Florida to reduce regulatory burdens on trucks

Feb. 22, 2013

Florida Gov. Rick Scott announced that the Florida Dept. of Transportation (FDOT) implemented administrative rule changes to reduce the regulatory burden on trucks that will streamline permitting and gain parity with other states on load limits in order to capitalize on the expansion of the Panama Canal and to strengthen Florida’s position as a leader in international trade.

The implemented administrative rule changes will:

  • Streamline the permitting process for applicants.
  • Provide the same level of service to both trip and blanket permit applicants by eliminating the requirement for trip permit applicants to submit a height survey letter prior to obtaining a permit for vehicles up to 18 feet in height.
  • Increase the number of days for which a trip permit is valid from 5 to 7.
  • Increase the maximum gross vehicle weight allowed for sealed containerized cargo units from 95,000 pounds to 100,000 lbs.
  • Reduce the number and/or type of escorts required when traveling on a limited access facility.

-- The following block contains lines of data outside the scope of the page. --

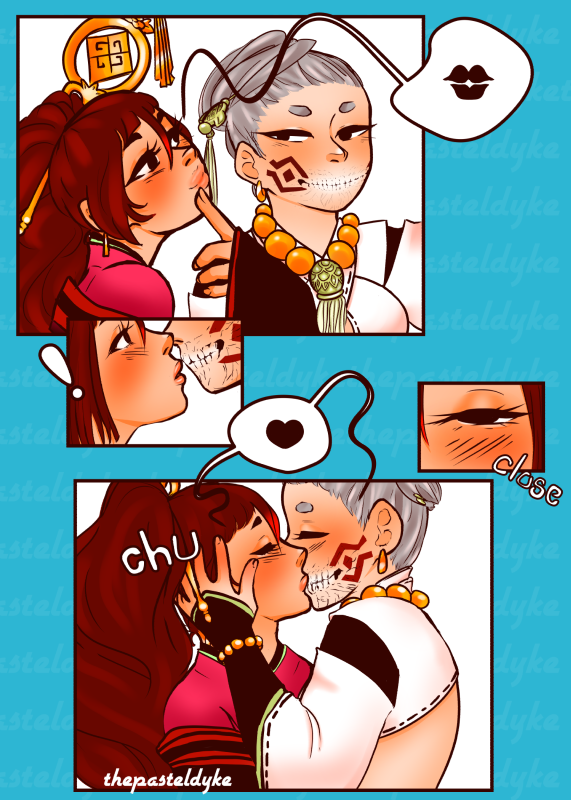 Mini comic of Okuni and Gengetsu from Rengoku ni Warau. In panel one Okuni is tapping her lips, asking for a kiss. In panel two Gengetsu comes close to her face. Panel three shows Okuni's eye closing. Panel four is of them kissing.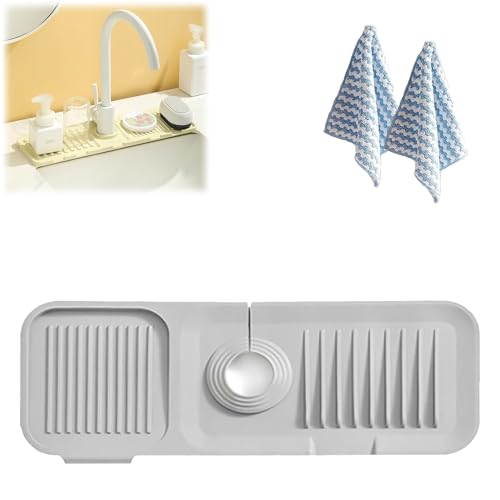 Tidy Splash Faucet Guard & Draining Mat, Splendiday Silicone Draining Mat, Blissden Silicone Draining Mat, Silicone Draining Mat for Kitchen Sink (14.5x5.5in,Gray) von NNBWLMAEE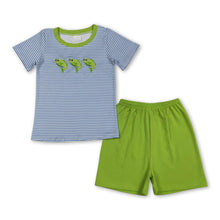 Load image into Gallery viewer, Stripe short sleeves fish embroidery kids boys outfits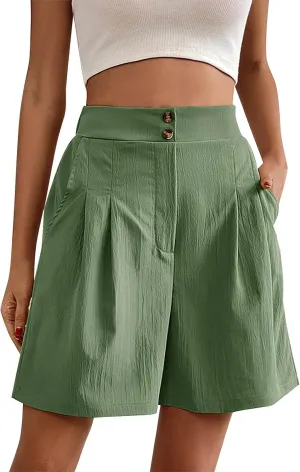 Cotton Linen Shorts for Women Elastic Waist Shorts Flowy Summer Shorts Plus Size Bermuda Shorts Loose Shorts for 2024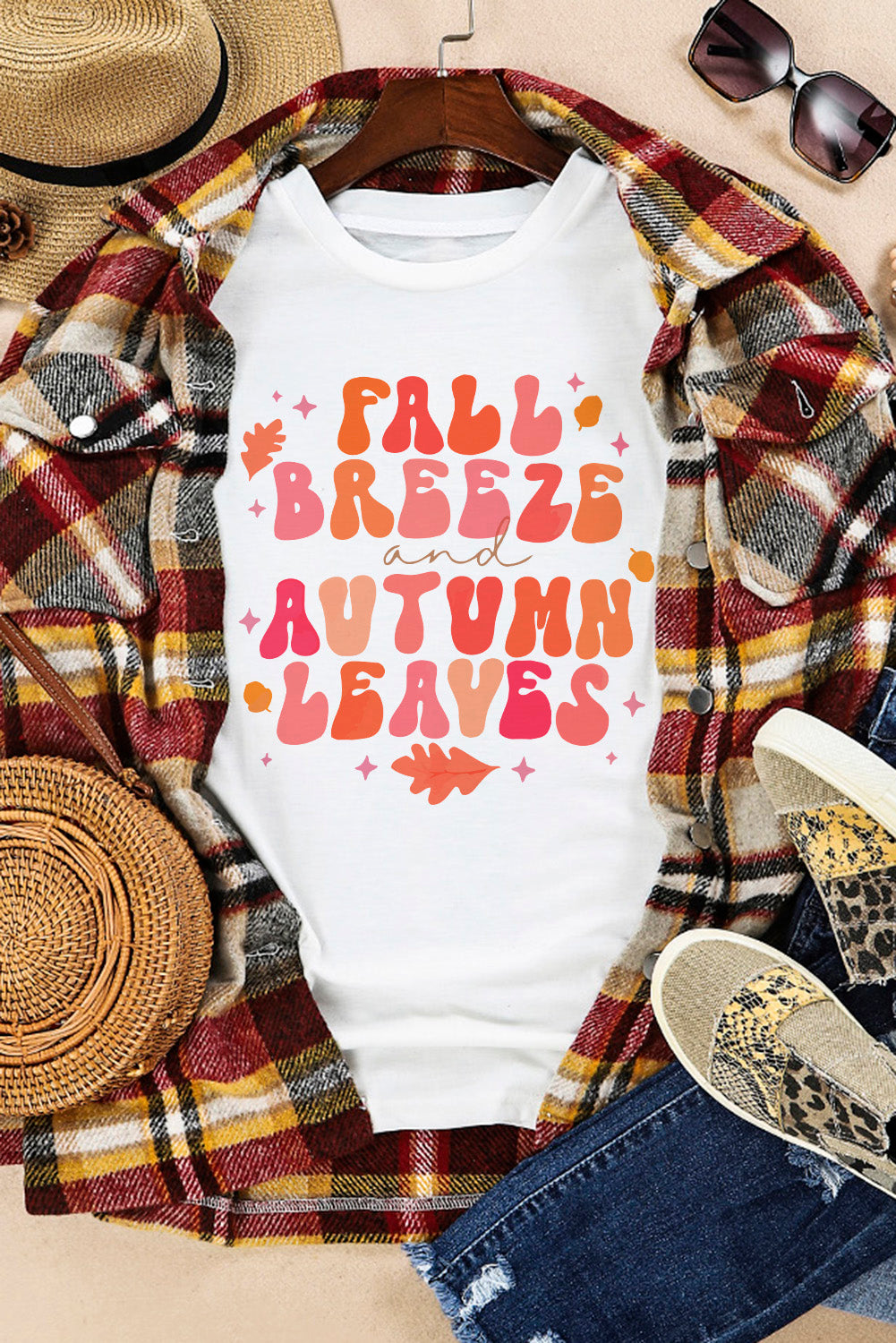 White FALL BREEZE and AUTUMN LEAVES Graphic Tee Graphic Tees JT's Designer Fashion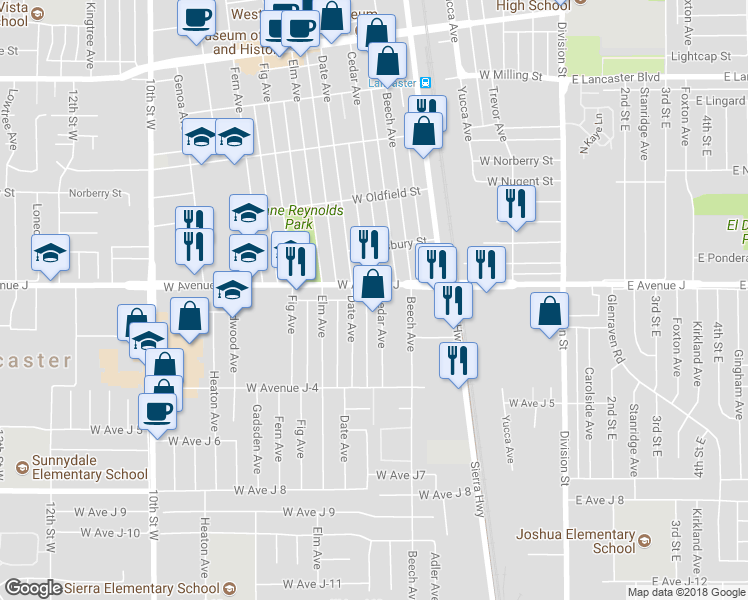 map of restaurants, bars, coffee shops, grocery stores, and more near 44351 Cedar Avenue in Lancaster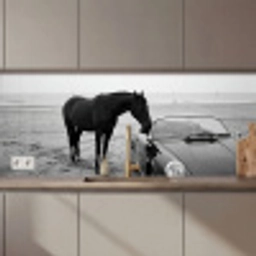 Paard - Auto - Zwart - Wit keuken achterwand 2 middel zz_3dshopping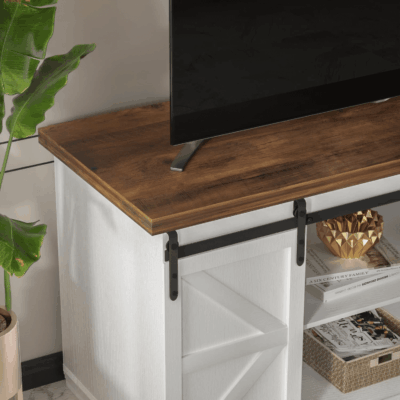 TV Stand for 65 Inch TV, Entertainment Center with Storage Cabinets and Sliding Barn Doors, Mid Century Modern Media TV Console Table for Living Room Bedroom (Bright White) - Image 2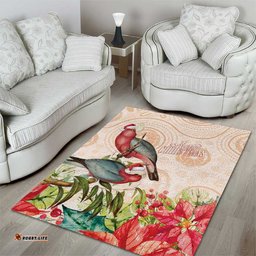 Merry Christmas Aussie Aboriginal Area Rug Rosebreasted Cockatoo Pastel LT7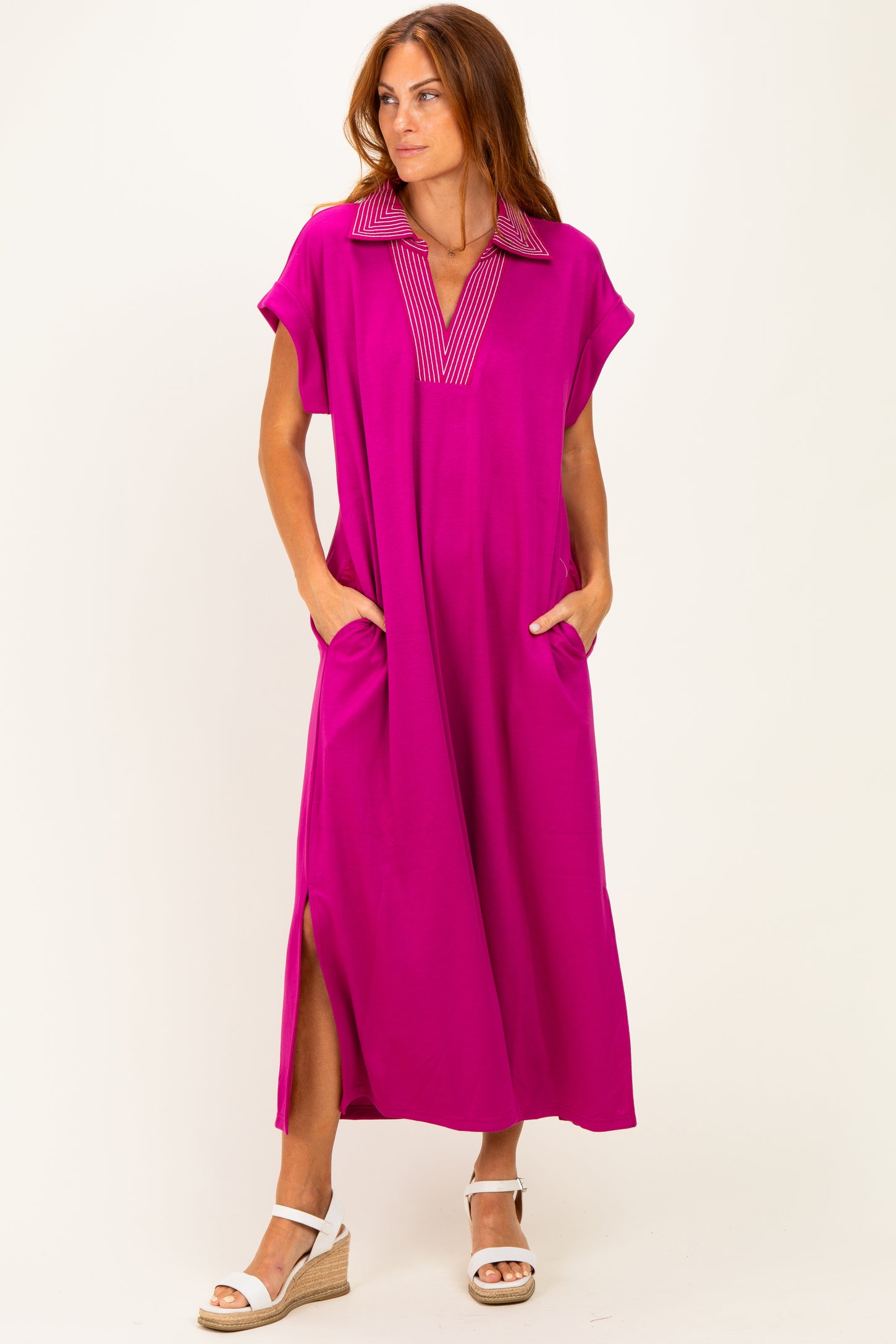 Magenta Striped Collared Side Slit Midi Dress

“Florida’s ports and freight distribution systems are vital components of the state’s current and future economy.  The Florida Trucking Assn. supports the governor and the Florida Dept. of Transportation in their efforts to make Florida’s freight logistics system more competitive with our surrounding states,” Mary Lou Rajchel, president and CEO of the Florida Trucking Assn. said.  “As an essential industry that is the sole means of supply for more than 80% of the state’s communities, Florida’s trucking industry appreciates the critical role trucking plays in this equation. To that end, we look forward to the increased opportunities for collaboration and enterprise that will result from this increase in weight limits for containerized freight. ”

Scott said the changes advance his vision to make Florida the trade gateway for America. 

“A properly permitted sealed truck container can now haul the same weight levels as other surrounding states thereby allowing Florida’s farmers and manufacturers to ship and receive goods through Florida ports that previously went through other states, therefore more jobs for Florida families,” he saidin a statement.

“In the last three years, we’ve invested $421 million in Florida’s ports to make our state a hub for global commerce and job creation. In addition to our investments, we’ve eliminated 2,300 onerous regulations that hamper businesses growth – and created an environment where businesses can grow jobs for Florida families,” Scott said. “By streamlining operations we’ll better position Florida to capitalize on the increased trade opportunities that the expansion of the Panama Canal will bring to our communities.”

“By implementing these rule changes, we are not only enabling freight to flow better but ensuring that Florida remains competitive,” FDOT Secretary Ananth Prasad said. “A level playing field leads to more business opportunities and good jobs for Florida families.”

The FDOT’s Office of Freight, Logistics and Passenger Operations and Office of Maintenance is focused on freight and trucking issues and are constantly working with the motor carrier industry and other stakeholders on ways to streamline processes without compromising public safety, Prasad said.